エイザー(Azer)は、テーブルトークRPGダンジョンズ&ドラゴンズ』(D&D)に登場する、ドワーフによく似た火の次元界からの来訪者である。彼らの特徴である、燃え盛る炎そのものな頭髪と、熱した金属のような肌は、D&D第4版では炎の巨人たち(ジャイアントおよびタイタン)の奴隷であることが影響している。

掲載の経緯[編集]

エイザーは『アドバンスト・ダンジョンズ&ドラゴンズ』(AD&D)の第1版から登場している。

AD&D 第1版(1977-1988)[編集]

『Monster ManualⅡ』(1983、未訳)に登場。本書ではエイザーの王アマイモン(Amaimon)も併せて登場している。

AD&D 第2版(1989-1999)[編集]

D&DでSF風世界を扱うスペルジャマーのサプリメント、『Practical Planetology』 (1991、未訳)に登場。また、アラビアン・ナイト風世界を扱うアル・カーディム世界のサプリ、『Secrets of the Lamp』(1993、未訳)にはアマイモンと共に、“エイザーの貴族”(Noble Azer)も登場している。ここでのデータが『 Monstrous Compendium Annual Volume 1』(1994、未訳)に再掲載された。

D&D 第3版(2000-2002)、D&D 第3.5版(2003-2007)[編集]

D&D第3版および3.5版では『モンスターマニュアル』(2000)に登場。これが日本語版で初登場となる。

モンスター種族をPCとして選べるサプリメント、『Savage Species』(2003、未訳)ではプレイヤー用種族として登場している。また、伝説級のアイテムを扱う『Weapons of Legacy』(2005)ではエイザーの僧侶、“炎の僕”アイアンハート(Ironheart, Servant of Fire)が登場している。

D&D 第4版(2008-)[編集]

『モンスター・マニュアル』(2008)に、以下の個体が登場している。

  • エイザーの戦士/Azer Warrior
  • エイザーの歩兵/Azer Foot Soldier
  • エイザーの憤怒拳士/Azer Rager
  • エイザーの監督官/Azer Taskmaster
  • エイザーの野獣使い/Azer Beastlord

D&D 第5版(2014-)[編集]

D&D第5版では、『モンスター・マニュアル』(2014)に登場している[1]

第5版では青銅から作られた人造種族となっている。

D&D以外のテーブルトークRPG[編集]

パスファインダーRPG[編集]

D&D3.5版のシステムを継承するパスファインダーRPGにもエイザーは『Bestiary 2』(2010、未訳)に登場している。

肉体的な特徴[編集]

エイザーはドワーフとよく似ている。ちなみにD&Dでのドワーフの平均的に身長は4.5フィート(135cm)ほどである。体重もドワーフと同じく200ポンド(90kg)ほど[2]

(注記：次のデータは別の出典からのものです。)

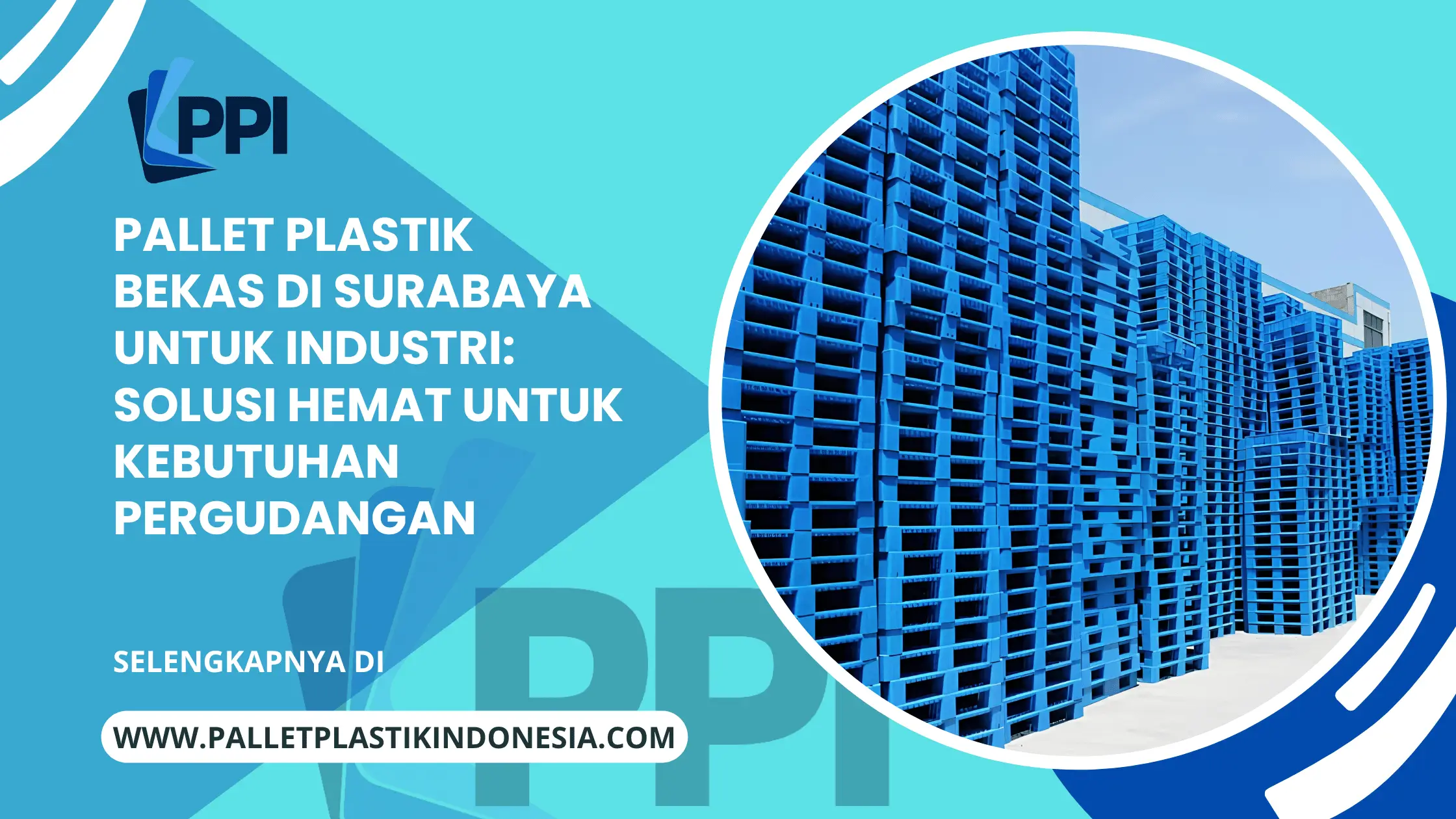 Pallet Plastik Bekas di Surabaya untuk Industri: Solusi Hemat untuk Kebutuhan Pergudangan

真鍮色をした輝く肌をしており、頭部には頭髪や髭として燃え盛る炎そのものが覆っている。体温も非常に高く、エイザー自身や手にしている武器に触れると火傷のダメージを受けてしまう[2]

目が慣れていないと、個別のエイザーを見分けるのは困難なほど似通っている[3]

第5版でエイザーは繁殖はせず、エイザーの職人が青銅から身体を作り、魂の心火を宿した秘薬を注ぐことで命を吹き込む。この工程は複雑なので、エイザーの人口は決して多くはない。人造種族である第5版のエイザーは飲食や睡眠を取る必要がない[4]

社会[編集]

エイザーは火の次元界を出自とするドワーフであり、灼熱の世界に適応した身体をしている。

エイザーの性質は気難しいドワーフらしく“秩序にして中立”である。厳格なカースト社会を築いており、ほとんどのエイザーは生まれながらに決まっている身分を受け入れ全うする。エイザーはスコットランド人が着るキルトのような金属製の腰巻きを愛用し、貴族階級は真鍮、商人などは青銅、労働者階級は銅のキルトをまとう[3]

同じ火の元素界に棲み、うぬぼれの強いイフリートとは憎しみあっており、戦争状態にある。イフリートの居城として名高い“黄銅城”には数多くのエイザーが奴隷として囚われている[3]。第5版ではかつては盟友だったが、イフリートが黄銅城を建築する際にエイザーの助力を請い、イフリートは完成後に城の秘密を護るためと集まったエイザーたちを捕らえて奴隷としてしまった。しかし、小競り合いはあるもののエイザーとイフリートとの間に全面的な対立は起こっていない。エイザーたちは、彼らのみが知る城の秘密がイフリートを抑止しているのだと思っている[4]

D&D第4版では、ほとんどのエイザーはファイアー・ジャイアントおよびタイタンの下僕である。かつてすべてのドワーフがプライモーディアル(古代神霊)の部下たる巨人たちの下僕であったが、そのうち支配を脱したのが現在のドワーフである。支配から逃れられなかった者が炎を宿したエイザーへと変形させられ、そのほとんどが未だ巨人たちの支配下にある[5]
同族の社会であろうと、虜囚の身であろうと、秩序への傾倒が強い性質から唯々諾々と奴隷の立場を受け入れるエイザーが多い[3]。自由を求めて脱出した少数のエイザーは他の次元界に出てそれぞれの生活を送る。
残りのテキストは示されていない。